萩原部長: 「何をやっているんだ!」と言われ、叩かれました。かなり辛かったですね……。ただ、口では「申し訳ございません」と言いつつ、内心は「見てろよ」と燃えていました。

 そこで15年に取り組んだのが「しつこさの継続」です。失敗した施策に、あえてもう一度チャレンジしようと考え、夏を「プチサマ―」「ファーストサマー」「セカンドサマー」の3つに分けた販売戦略を進めました。

 プチサマーに1番の持ち味の梨味を持ってきて、ファーストサマーに新フレーバーのスイカを発売。秋には20~30代女性向けに、果汁多めのジェラートバーを投入しました。

 企業とのコラボにも再度注力し、日本郵便と組んでガリガリ君の引換券付き「かもめーる」を販売。友人や親戚に「ガリガリ君付きの暑中見舞い」を送れるキャンペーンなど、小さな取り組みを50回ほど行いました。しかし、起死回生の一手とはいかず、15年は利益がほとんど出ない状態になってしまいました。

●メディアを活用して得た「値上げへの理解」

編集部: 16年には値上げをしたにもかかわらず、売上本数の回復に成功しています。なぜでしょうか。

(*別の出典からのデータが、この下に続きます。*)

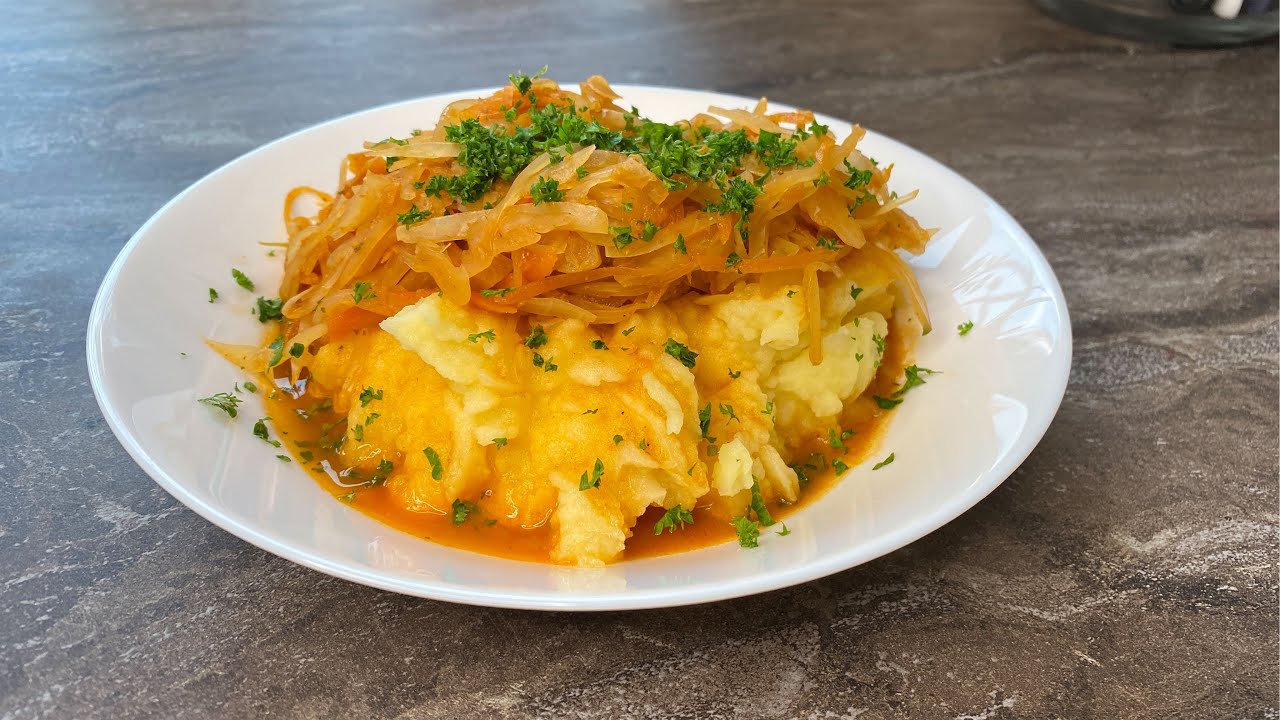 Rezept Gedämpfter Kohl mit Kartoffelbrei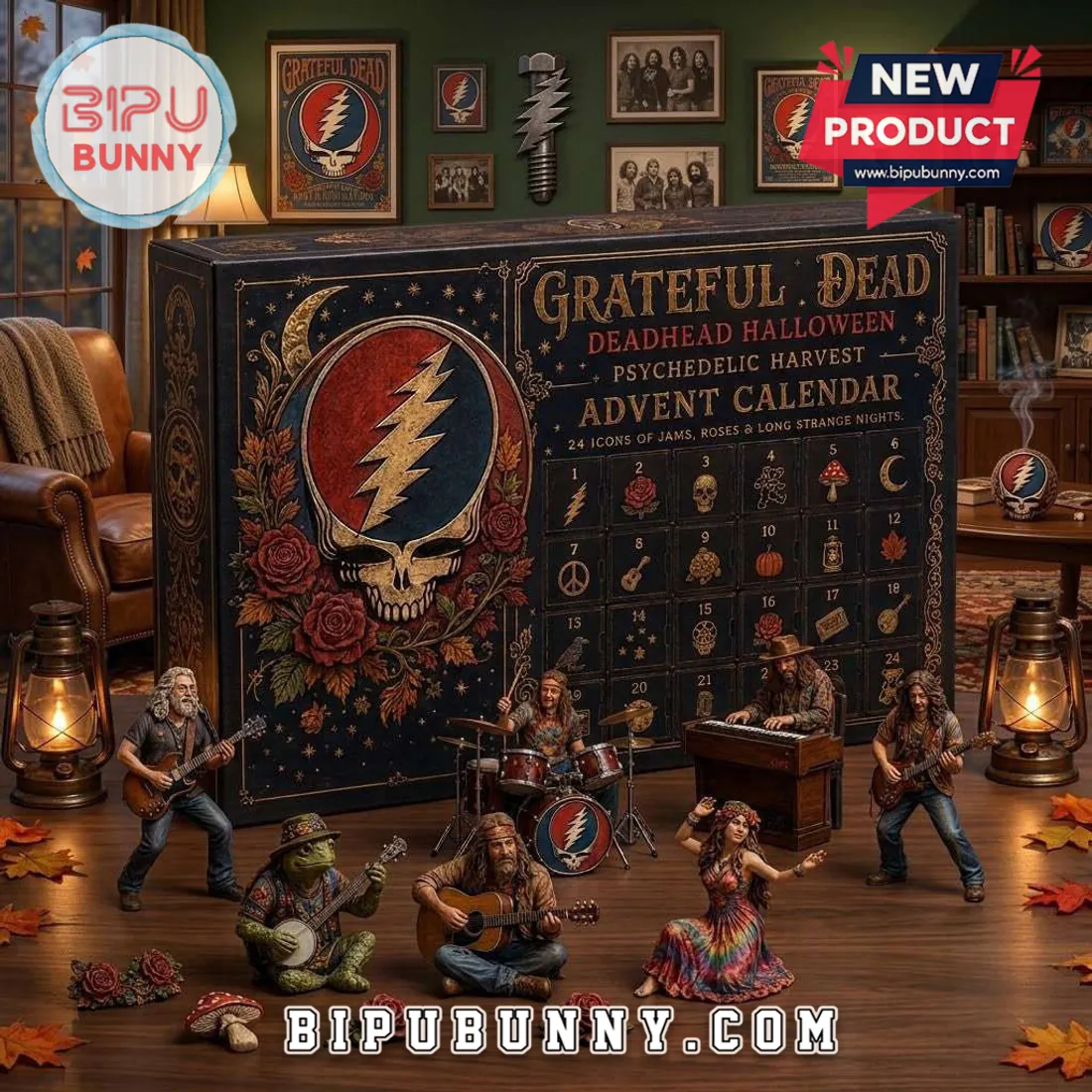 Grateful Dead Halloween Psychedelic Harvest Advent Calendar Grateful Dead Halloween Psychedelic Harvest Advent Calendar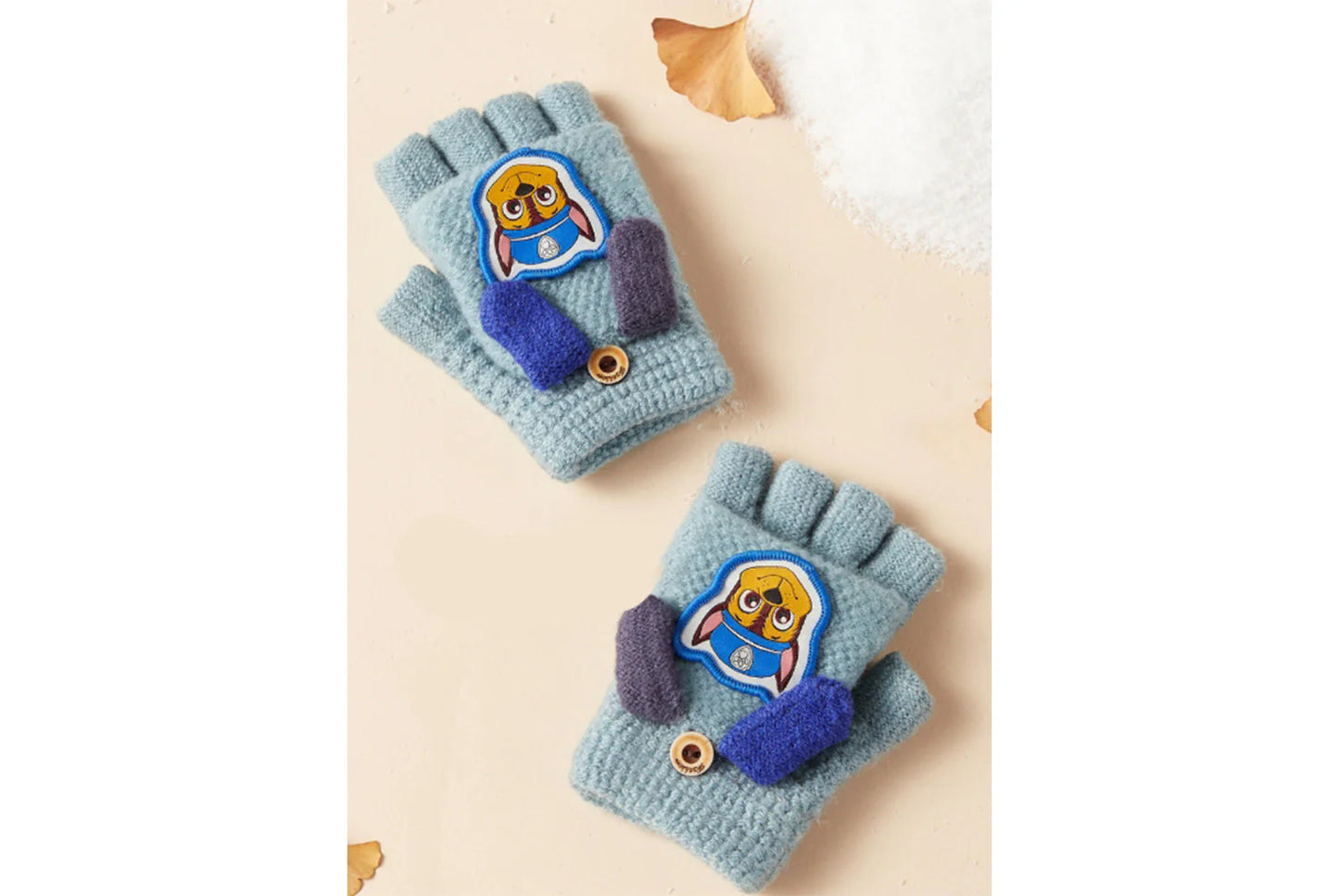Paw Patrol Children's Flap-Fingerless Warm Gloves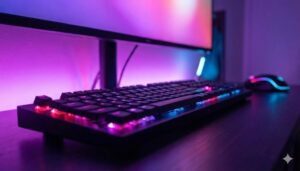 Cele mai bune tastaturi mecanice de gaming din 2025 într-un setup RGB modern.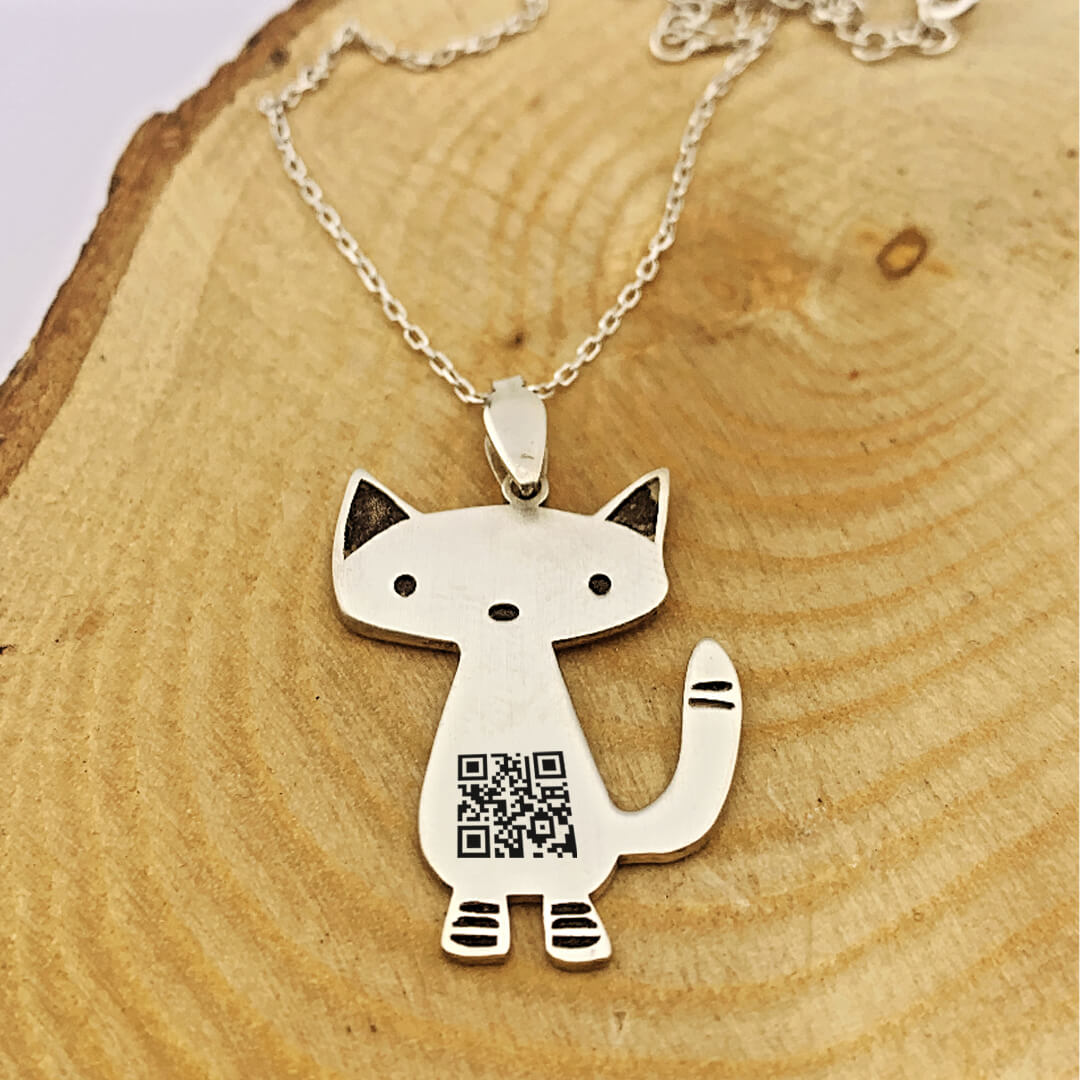 CAT SILVER NECKLACE 6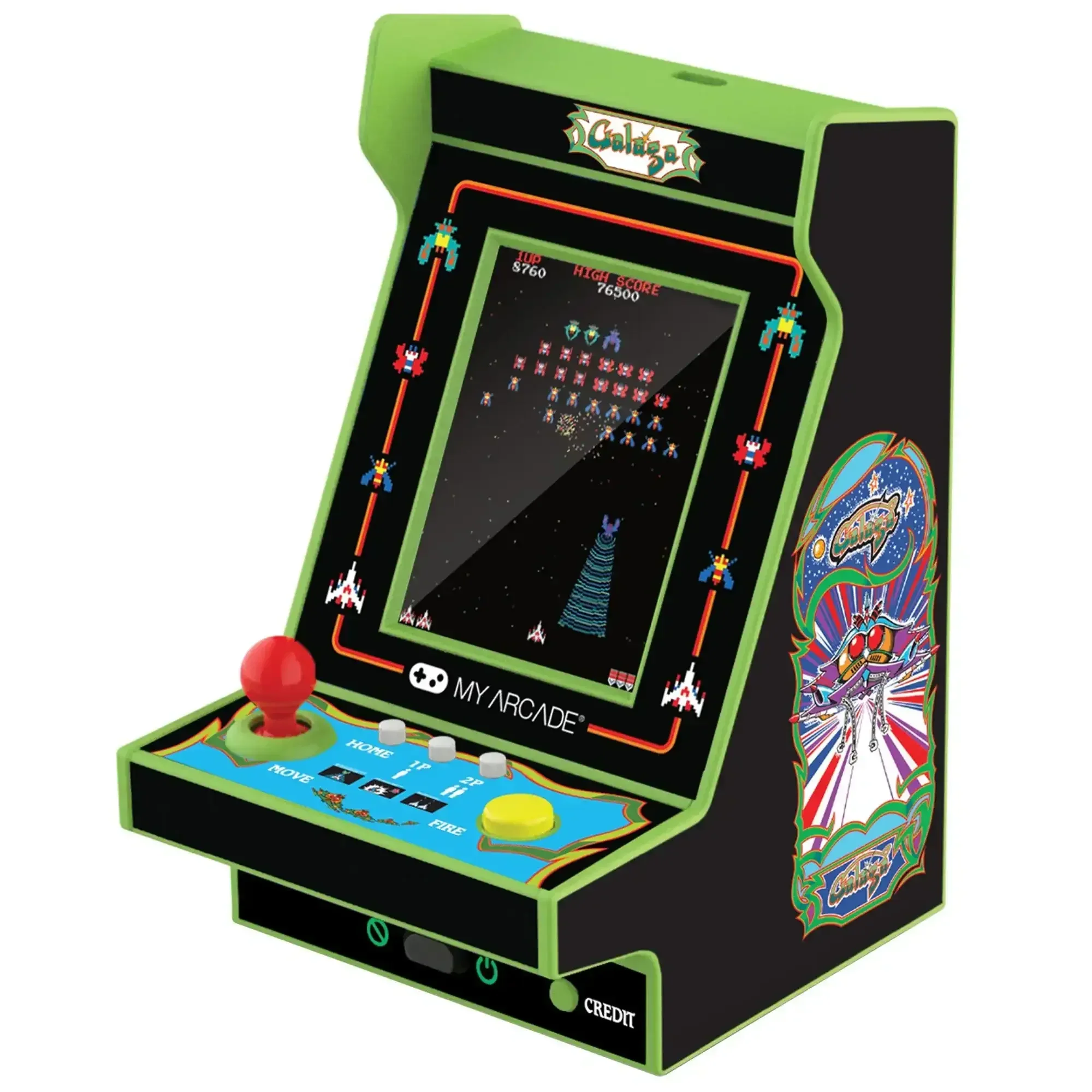 My Arcade - Galaga Nano Player Pro DGUNL-4197 - Kolekcjonerska Konsola do Gier Arcade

萩原部長: 値上げの際は、プレスリリース執筆、PRなどで培ったノウハウを生かして、メディアに報じてもらうことで広く理解してもらう方針を取りました。

 まずは、2月頃にTBSの『ジョブチューン』という番組で、ナポリタン味が3億円の赤字を出したことについて包み隠さず話しました。

 それ以降も、メディアの取材を一切断らず、あえて全て受けることにしました。大手の新聞やテレビ局だけでなく、週刊誌・夕刊紙に至るまで、あらゆるメディアに取材してもらいました。最も詳しく報じて下さったのは、まさかの『週刊プレイボーイ』さんでした(笑)

 そして、値上げ当日の4月1日には、日本経済新聞の1面に値上げのお詫び広告を掲載。テレビでは、値上げに関するCMも放送しました。

 こうした取り組みによって顧客の理解を得られたおかげで、売上本数を3年ぶりに10%程度回復させることができました。

 皆さんへの恩返しとして、17年は、新フレーバー「九州みかん味」の売り上げの一部を熊本地震の復興義援金として寄付するなど、地域貢献を行っています。

編集部: 最後に、仕事をする上での心構えを教えてください。

萩原部長: この仕事をする上では、簡単に諦めないことが大切です。失敗しても「伏線」と考えて、後で回収すればいい。これからも業界の「異端」であり続け、他のメーカーがやらないような施策を打ち出していきたいと考えています。